The short answer is yes, it could affect.
char and unsigned char are convertible types (3.9.1 in C++ Standard 0x n2800) so you can assign one to the other. You don't need the cast at all.
[3.9.1] ... A char, a signed char, and an unsigned
char occupy the same amount of storage
and have the same alignment
requirements; that is, they have the
same object representation.
[4.7] ...
2 If the destination type is
unsigned, the resulting value is the
least unsigned integer congruent to
the source integer (modulo 2n where n
is the number of bits used to
represent the unsigned type).
[ Note:
In a two’s complement representation,
this conversion is conceptual and
there is no change in the bit pattern
(if there is no truncation). —end note
]
3 If the destination type is signed,
the value is unchanged if it can be
represented in the destination type
(and bit-field width); otherwise, the
value is implementation-defined.
Therefore even in the worst case you will get the best (less implementation-defined) conversion. Anyway in most implementations this will not change anything in the bit pattern, and you will not even have a conversion if look into the generated assembler.
template<class ITER_T>
char *copy_binary( unsigned char length, const ITER_T& begin)
{
char* stg = alloc_storage(length);
std::copy(begin, begin + length, stg);
return stg;
}
Using reinterpret_cast you depend on the compiler:
[5.2.10.3] The mapping performed by
reinterpret_cast is
implementation-defined. [ Note: it
might, or might not, produce a
representation different from the
original value. —end note ]
Note: This is an interesting related post.

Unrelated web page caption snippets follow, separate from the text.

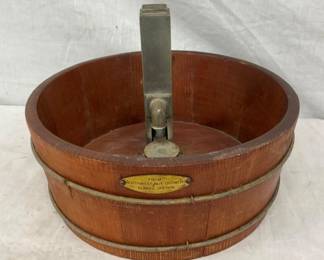 NORTHWEST NUTGROWERS NUT CRACKER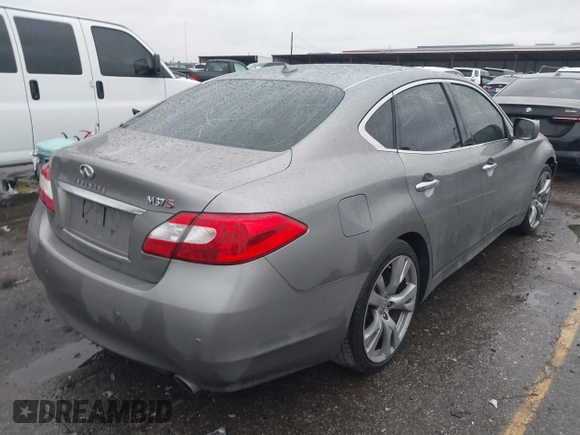 2013 Infiniti M37 with VIN JN1BY1AP7DM511497, listed as a IAAI auction lot 41294499 with 174,977 mi miles. Bid and sale history available at carsss.com. Image 4.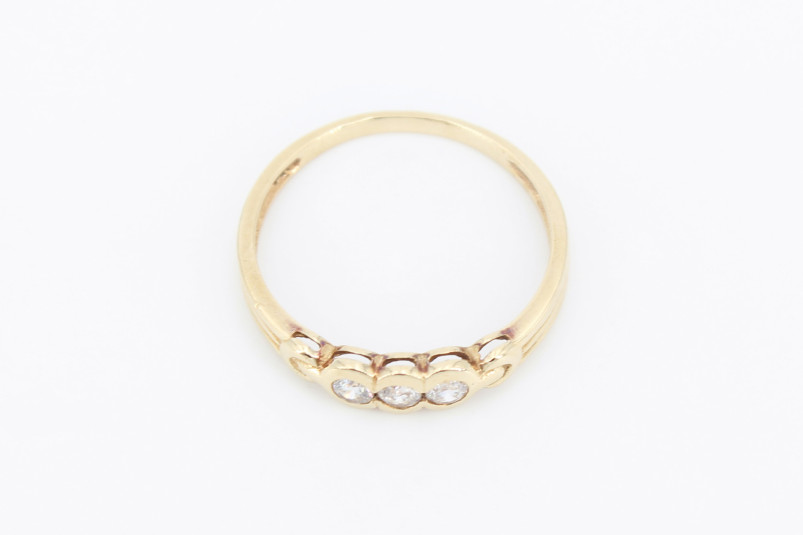 Anillo de oro de 18k. de segunda mano. Joyería de ocasión | ROYALHYSTERIA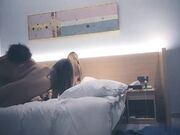 约了双胞胎妹子双飞啪啪 抬腿侧入边操边舔奶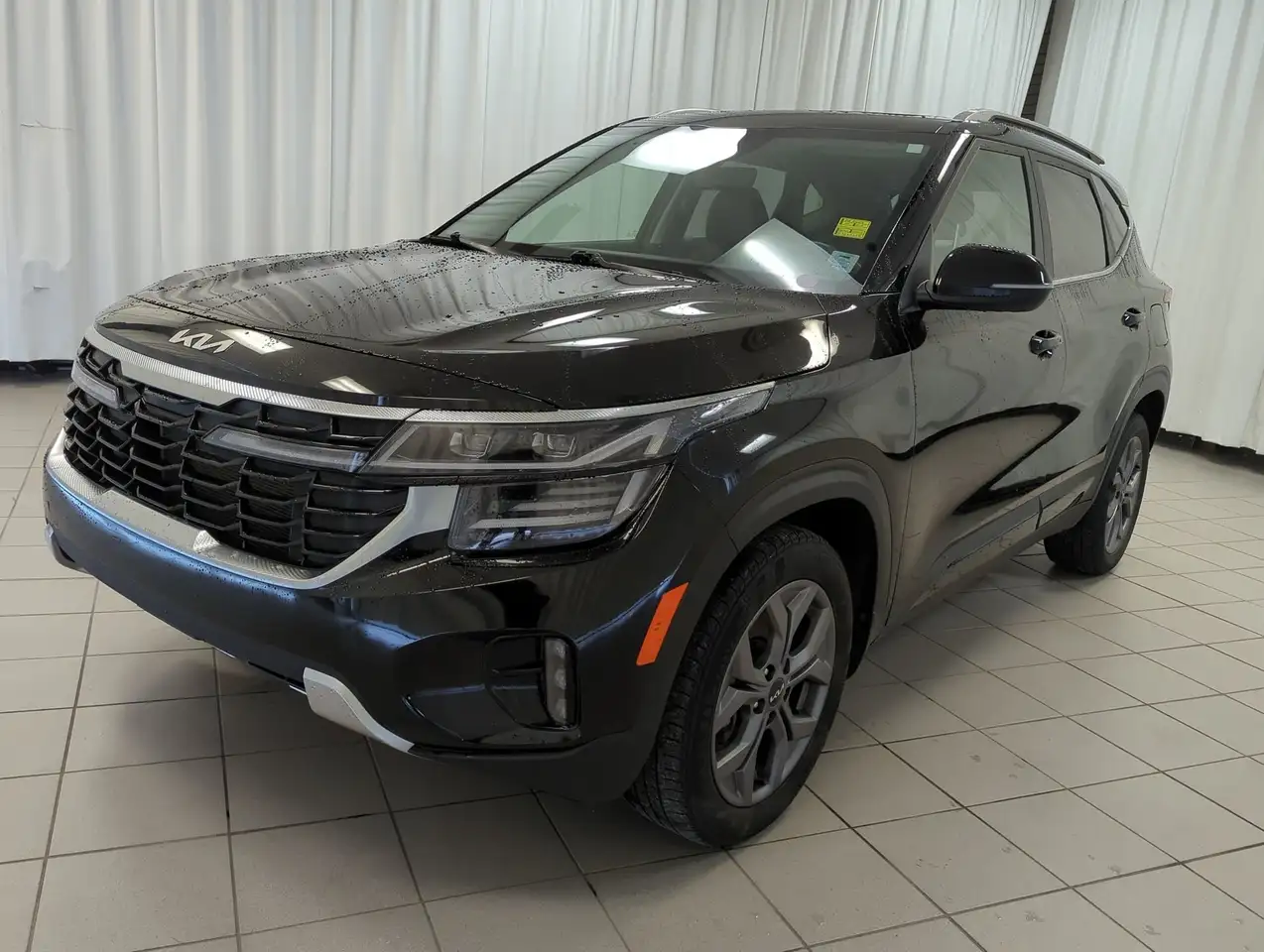 Kia Seltos снимка Kia Seltos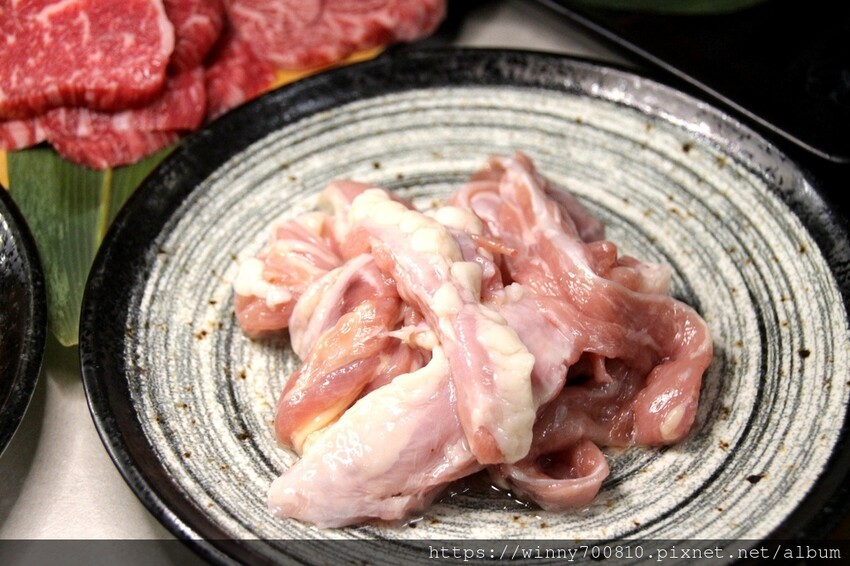 桃園市桃園區今年二月新開幕！桃園很頂的燒肉餐廳～勞斯萊斯級的極致享受！【純水燒肉】日本空運來台的頂級A5黑毛牛，只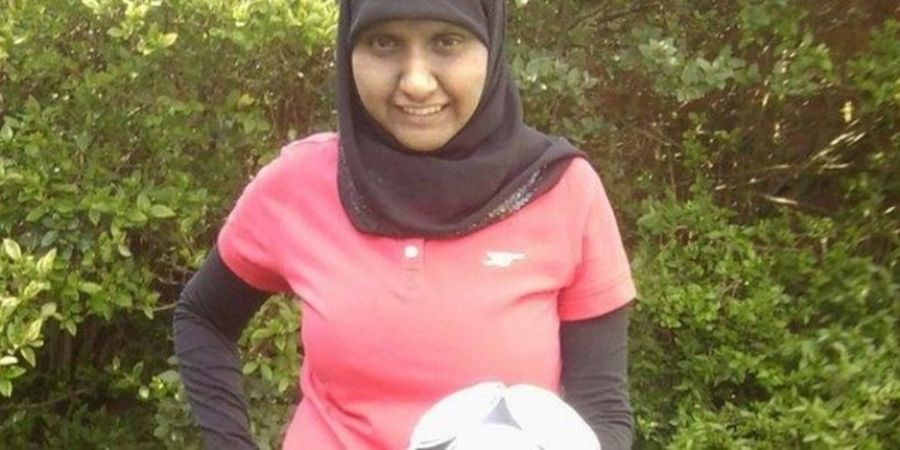 Wanita Berjilbab Ingin Jadi Pelatih Arsenal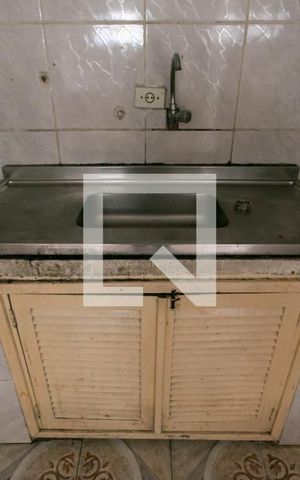 Casa para alugar com 30m², 1 quarto e sem vaga Casa para alugar com 30m², 1 quarto e sem vagaPia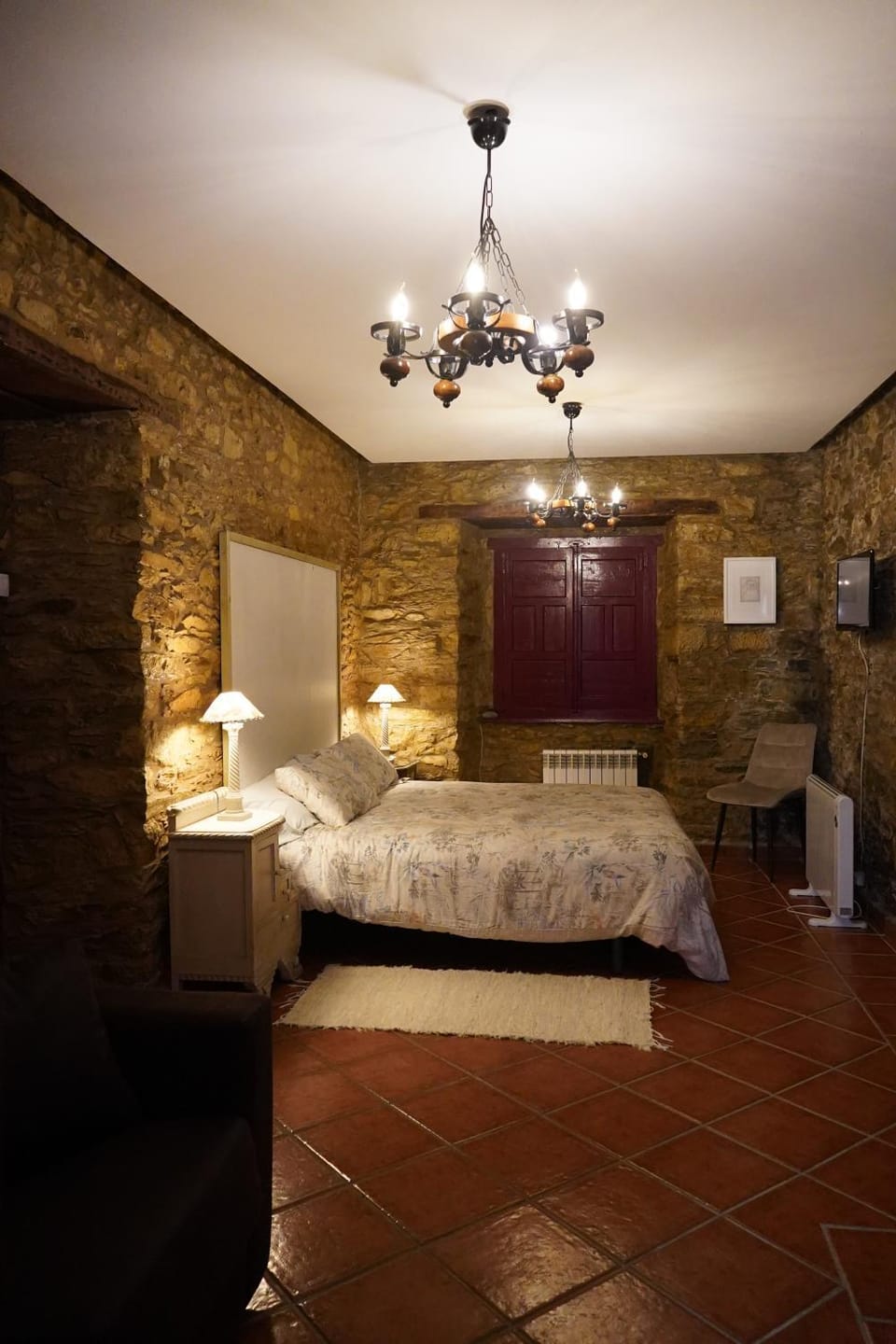 Photo of the whole room, Bedroom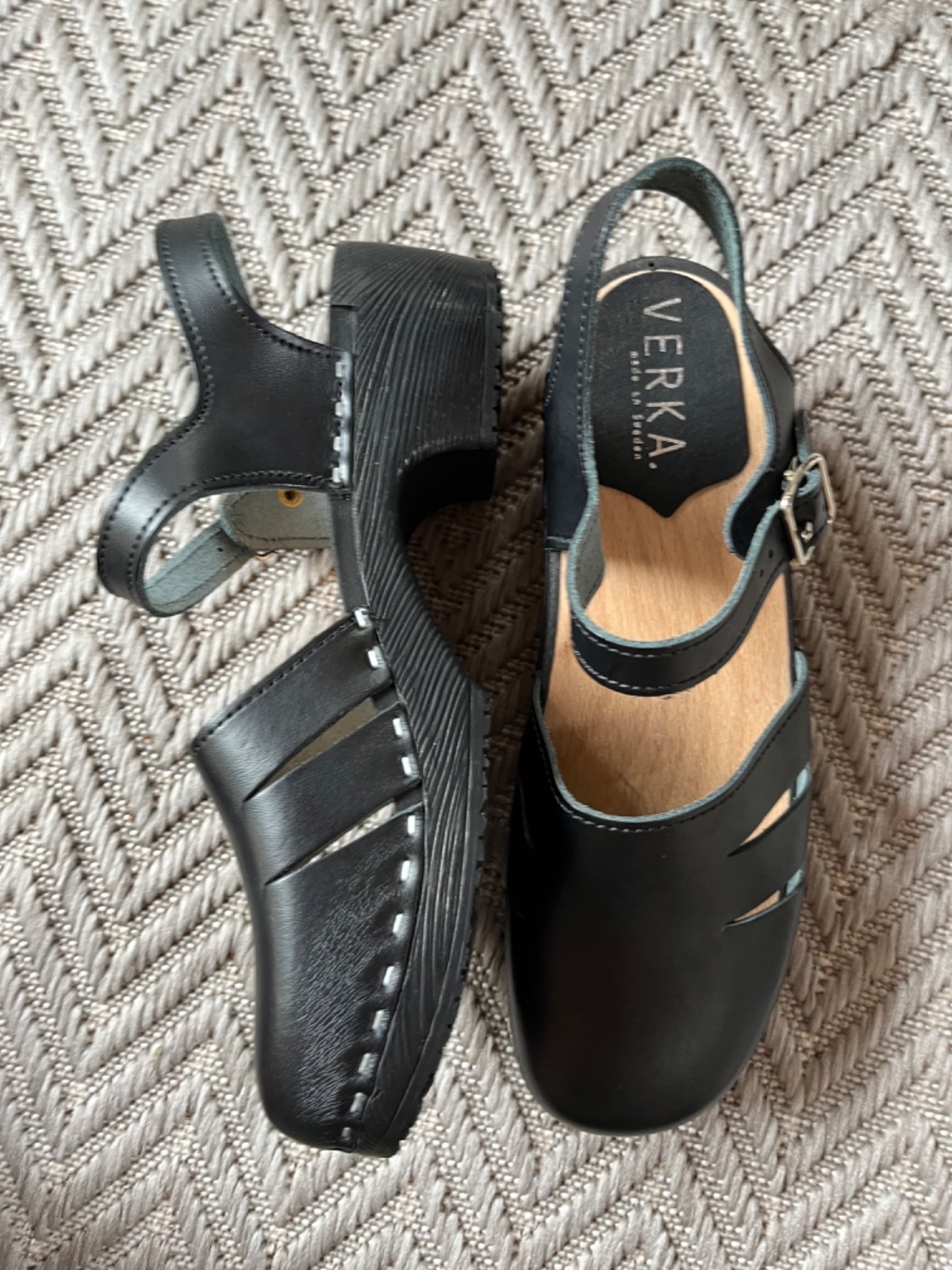 VERKA Clogs LIVLIG Swedish Comfort Clogs Size 41 US 10-10.5 Leather BLACKBERRY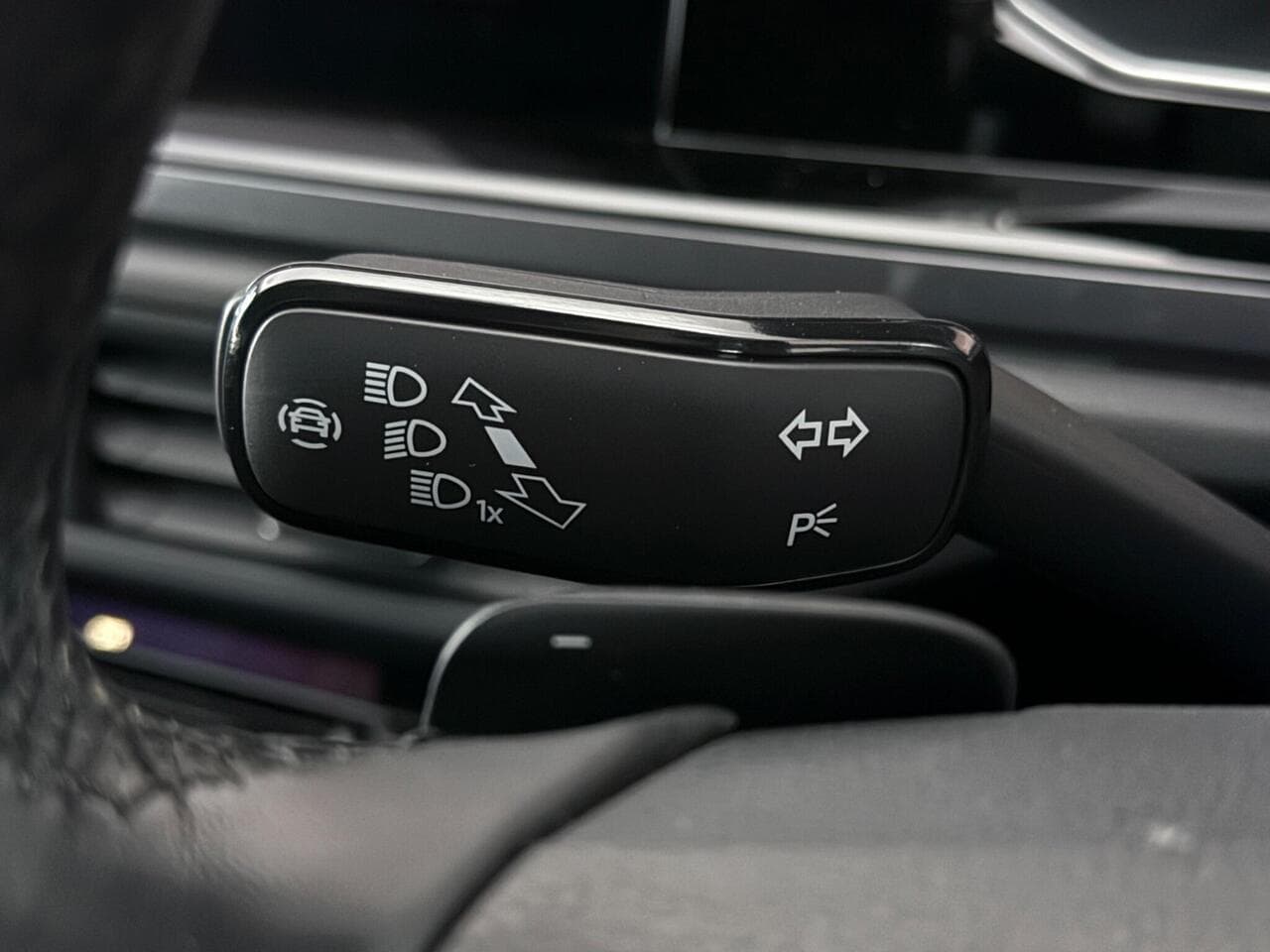 Volkswagen Taigo thumbnail Misc Controls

So if I get it right, the cast to unsigned char is to gaurantee an unsigned byte-by-byte copy. But then you cast it back for the return. The function looks a bit dodgy what exactly is the context/reason for setting it up this way? A quick fix might be to replace all this with a memcpy() (but as commented, do not use that on iterator objects) -- otherwise just remove the redundant casts.